Okay. So you know things have been rough with Billy, the little guy I am working as an aide with in the ESY program. He has good moments and bad moments. A bad moment may be him screaming and running out of the classroom, and me having to catch him and wrangle him back into the room. A good day may mean that he sits down for fifteen minutes during Calendar and is able to tell the teacher what month it is. But pretty much every moment is crazy and stressful for all of us! Not to mention that some of the other kids also have behavioral issues... although their issues are more from stubbornness than anything else. Like climbing onto the table and yelling, "Nana nana boo boo!" like one little, cute-as-a-button girl does regularly. 


Last Wednesday we had PE for the first time. Billy hated it, ran out of the gym, and refused to go in. I ended up taking him back to the classroom, but not allowing him to do any of his preferred activities, because I didn't want him to think he'd get to use the computer just by refusing to do work!

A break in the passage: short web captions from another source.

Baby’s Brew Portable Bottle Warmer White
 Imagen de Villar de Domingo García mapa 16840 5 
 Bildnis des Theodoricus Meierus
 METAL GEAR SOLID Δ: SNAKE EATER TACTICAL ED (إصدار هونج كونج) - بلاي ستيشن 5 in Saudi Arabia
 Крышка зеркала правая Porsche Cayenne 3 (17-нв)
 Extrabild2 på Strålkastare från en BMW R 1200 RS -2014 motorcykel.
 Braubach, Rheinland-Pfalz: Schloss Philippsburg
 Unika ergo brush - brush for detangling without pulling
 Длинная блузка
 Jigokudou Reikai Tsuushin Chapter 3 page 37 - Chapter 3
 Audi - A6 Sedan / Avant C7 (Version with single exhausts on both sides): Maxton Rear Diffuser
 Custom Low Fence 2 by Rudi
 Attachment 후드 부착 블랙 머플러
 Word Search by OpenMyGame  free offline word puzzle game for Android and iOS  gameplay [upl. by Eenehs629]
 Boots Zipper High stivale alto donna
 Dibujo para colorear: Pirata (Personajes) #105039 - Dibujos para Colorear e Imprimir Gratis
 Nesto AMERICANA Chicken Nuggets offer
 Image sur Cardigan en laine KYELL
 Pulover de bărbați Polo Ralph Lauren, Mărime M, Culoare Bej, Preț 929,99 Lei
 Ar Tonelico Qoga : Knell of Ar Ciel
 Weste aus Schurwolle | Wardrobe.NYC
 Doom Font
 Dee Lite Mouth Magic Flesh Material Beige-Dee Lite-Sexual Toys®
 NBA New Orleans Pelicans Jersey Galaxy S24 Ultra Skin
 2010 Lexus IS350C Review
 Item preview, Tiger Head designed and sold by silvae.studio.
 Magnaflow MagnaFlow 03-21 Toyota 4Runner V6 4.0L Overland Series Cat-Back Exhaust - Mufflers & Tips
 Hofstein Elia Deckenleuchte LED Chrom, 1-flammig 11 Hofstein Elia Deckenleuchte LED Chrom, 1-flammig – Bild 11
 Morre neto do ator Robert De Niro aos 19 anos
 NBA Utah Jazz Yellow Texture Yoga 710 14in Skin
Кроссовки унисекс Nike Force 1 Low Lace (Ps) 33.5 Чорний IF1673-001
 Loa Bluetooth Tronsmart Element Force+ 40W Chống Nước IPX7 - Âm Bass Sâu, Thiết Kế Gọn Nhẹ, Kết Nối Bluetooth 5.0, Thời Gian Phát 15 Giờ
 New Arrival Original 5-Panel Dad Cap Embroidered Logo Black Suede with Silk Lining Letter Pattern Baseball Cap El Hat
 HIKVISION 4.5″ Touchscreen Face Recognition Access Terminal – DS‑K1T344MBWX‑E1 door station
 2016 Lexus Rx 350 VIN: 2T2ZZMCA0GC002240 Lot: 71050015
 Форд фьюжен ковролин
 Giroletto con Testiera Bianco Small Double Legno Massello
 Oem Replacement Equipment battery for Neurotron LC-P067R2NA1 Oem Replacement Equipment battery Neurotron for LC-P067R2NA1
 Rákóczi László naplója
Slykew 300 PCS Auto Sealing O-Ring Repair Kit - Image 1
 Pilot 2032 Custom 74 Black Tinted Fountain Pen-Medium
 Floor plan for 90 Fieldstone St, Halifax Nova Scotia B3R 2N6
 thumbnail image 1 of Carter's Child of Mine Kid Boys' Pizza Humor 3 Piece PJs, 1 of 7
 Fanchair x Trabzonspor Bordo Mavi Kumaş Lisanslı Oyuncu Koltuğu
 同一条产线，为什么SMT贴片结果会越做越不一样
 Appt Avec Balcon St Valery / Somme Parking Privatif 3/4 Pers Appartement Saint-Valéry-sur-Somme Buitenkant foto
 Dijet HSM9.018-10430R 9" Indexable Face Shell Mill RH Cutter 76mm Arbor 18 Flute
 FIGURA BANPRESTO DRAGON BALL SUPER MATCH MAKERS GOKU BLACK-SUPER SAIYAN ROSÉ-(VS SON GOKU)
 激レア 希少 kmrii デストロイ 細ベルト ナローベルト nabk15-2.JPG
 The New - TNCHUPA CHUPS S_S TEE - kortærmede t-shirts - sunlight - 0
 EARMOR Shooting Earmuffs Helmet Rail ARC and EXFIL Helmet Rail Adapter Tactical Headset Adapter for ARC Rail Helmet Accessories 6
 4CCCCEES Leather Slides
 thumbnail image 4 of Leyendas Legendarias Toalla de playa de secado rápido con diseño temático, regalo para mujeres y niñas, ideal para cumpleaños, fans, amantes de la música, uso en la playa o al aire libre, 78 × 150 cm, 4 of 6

This time we had PE. I was doubtful it would go well, since Billy was already having a rough time. This time there were two gym teachers, one of whom seemed to know Billy from his regular school. As I was struggling to get Billy to do one section of the obstacle course that was set up, and thinking it would be successful if he stayed for ten minutes, the aide walked up and totally took over. She just grabbed Billy and started telling him, "Work, Brandon!" She was a lot bigger than me so she was able to wrangle him more easily. She kept showing him some sort of visual schedule, and he was actually doing the things she demanded that he do. 


My feelings were kind of hurt. I kind of felt like the gym teacher must have though I was incompetent because I couldn't get Billy to go around the obstacle course. She didn't even look at me or talk to me at all, but just marched over and snatched Billy from me. She even took his stuffed kitty (which I let him carry with him as a sort of transitional object/stimmy thingie) and said, "No toys in gym!" I just stood there, feeling awkward and holding the bedraggled kitty, while she and Billy went around the gym.


Finally gym was over. The gym teacher came over and showed me the visual schedule she was using. It was basically a strip of laminated paper, with velcro down the middle, and the number 5,4,3,2, and 1 stuck to it. The gym teacher said, "Why don't you just keep this?" She explained that, when you ask Billy to do a task, he has to do it, in order to take one of the numbers off the list. She told me that this was what the teachers used with Billy during the school year. "He is cuckoo for numbers! He'll do anything for them!" she said.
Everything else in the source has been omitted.